Communications par auteur.e > Lhoste Yann

L'insécabilité des savoirs et des pratiques de savoirs dans les processus de sémiose au cours d'un débat scientifique sur le concept d'articulation à l'école primaire
Corinne Marlot  1@  , Yann Lhoste  2@  
1 : Haute Ecole Pédagogique du canton de Vaud  (HEPL)
Haute école pédagogique Vaud - Avenue de Cour 33 - 1014 Lausanne -  Suisse
2 : Laboratoire d'épistémologie et de didactiques des disciplines de Bordeaux  (Lab-E3D)
Université de Bordeaux (Bordeaux, France)
Université de Bordeaux, ESPE d'Aquitaine, 49, rue de l'école normale - F33021 Bordeaux cedex -  France

Introduction, cadre théorique et question de recherche

De nombreuses études renseignent sur le fait que les enseignants rencontrent des difficultés pour assumer un enseignement conjoint des savoirs et des pratiques de savoir en sciences, lors de la mise en œuvre de la démarche d'investigation scientifique (Marlot et Morge, 2016 ; Perron, 2018). Un des risques majeurs est alors de valoriser la méthode au détriment des contenus (Fabre, 2015). Dans cette communication nous souhaitons mettre en dialogue 2 cadres théoriques en tant que modélisation des savoirs – le modèle de la structuration des contextes (Lhoste, 2017) et celui de l'action conjointe en didactique (Sensevy, 2011 ; Marlot, 2014 ; Schubauer-Leoni, Leutenegger, Ligozat & Fl ̈uckiger, 2007) du point de vue de l'analyse des interactions langagières. Notre intention est d'augmenter l'intelligibilité de certains phénomènes d'enseignement et d'apprentissage, notamment la construction de significations partagées en classe qui portent à la fois sur les objets de savoir et les pratiques de ces savoirs. En effet, nous partageons l'idée de l'insécabilité entre les savoirs et les pratiques de savoirs, selon le syntagme d'agir-parler-penser (Bernié, Jaubert & Rebière, 2008) qui pose l'insécabilité des contenus et des démarches, agir-parler-penser qui embarque les savoirs autant que les pratiques/usages de savoir en tant que savoirs culturels disciplinaires. Nous nous focalisons ainsi sur la question des sémioses en jeu dans les situations d'enseignement et d'apprentissage en SVT (Sensevy, ibid; Lhoste, ibid) dans la mesure ou l'activité langagière renseigne sur l'activité cognitive ( Schneeberger & Vérin, 2009 ; Marlot, ibid ; Lhoste, ibid).

Contre ce dualisme méthode/contenu, notre travail – qui se situe dans l'axe 1 de ce colloque - se propose d'interroger l'articulation des dimensions épistémologiques (les modalités de l'agir-parler-penser en sciences) et épistémiques (les savoirs en jeu), en mettant à l'épreuve de l'enquête les 2/ questions suivantes :

- Comment se construisent – au sens d'une construction culturelle - les manières d'agir-parler-penser pertinentes (pratiques de savoir, PS) au regard des savoirs en jeu dans une séquence relevant d'une investigation sur l'objet d'étude de l'articulation ?
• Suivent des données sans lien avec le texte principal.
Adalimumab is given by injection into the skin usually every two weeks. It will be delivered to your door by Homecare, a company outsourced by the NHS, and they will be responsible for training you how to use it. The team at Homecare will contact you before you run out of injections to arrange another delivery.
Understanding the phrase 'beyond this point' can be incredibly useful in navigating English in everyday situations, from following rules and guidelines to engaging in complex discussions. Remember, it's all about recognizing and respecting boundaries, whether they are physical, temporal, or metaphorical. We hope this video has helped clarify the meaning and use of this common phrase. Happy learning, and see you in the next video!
- Comment sont partagés, rendus visibles, lisibles et accessibles à tous les élèves ces savoirs et ces pratiques de savoir ?

Méthode de recherche

Notre méthode d'analyse se déploie selon 3 phases à partir de la transcription des échanges entre 5 groupes lors d'un débat filmé en classe de CM1 (élèves de 9-10 ans).

La première phase consiste à identifier les unités de découpage de l'action et les épisodes significatifs en construisant le synopsis des 2 séances concernées (Sensevy, 2011) ainsi que la macrostructure du débat (Orange & Fabre, 1997).
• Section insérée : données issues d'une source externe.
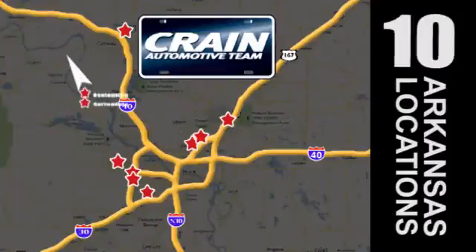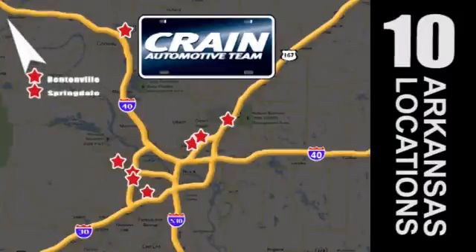Visit us anytime at craneteam.com. Go, go, go — Craneteam's got 'em! Craneteam.com.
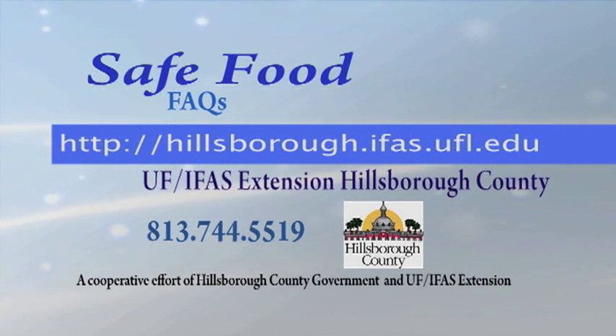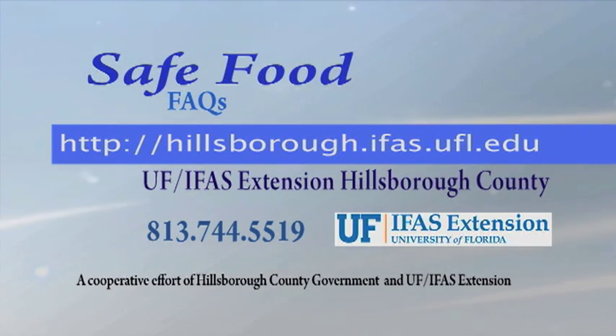For more fast answers to safe food questions, check out our other FAQs on our website, hillsborough.ifas.ufl.edu, and search on safe food.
La deuxième phase engage l'analyse des interactions langagières successivement selon chacun des 2 cadres d'analyse.

Notre présentation se focalisera sur la phase 3 (identification des objets de discours et des raisonnements) qui donne à voir certains des résultats de l'analyse croisée et nous permet de poser certaines des implications didactiques et épistémologiques de la construction de significations partagées dans le cadre d'un débat scientifique. Ces implications ont pris la forme dans ce travail de catégories de description susceptibles de rendre compte du niveau d'articulation des savoirs et pratiques de savoir.

Résultats

L'analyse du débat suite à la présentation des travaux du groupe 1, nous a amené à faire émerger les 2 catégories suivantes : conjonction vs disjonction des savoirs et pratiques de savoirs.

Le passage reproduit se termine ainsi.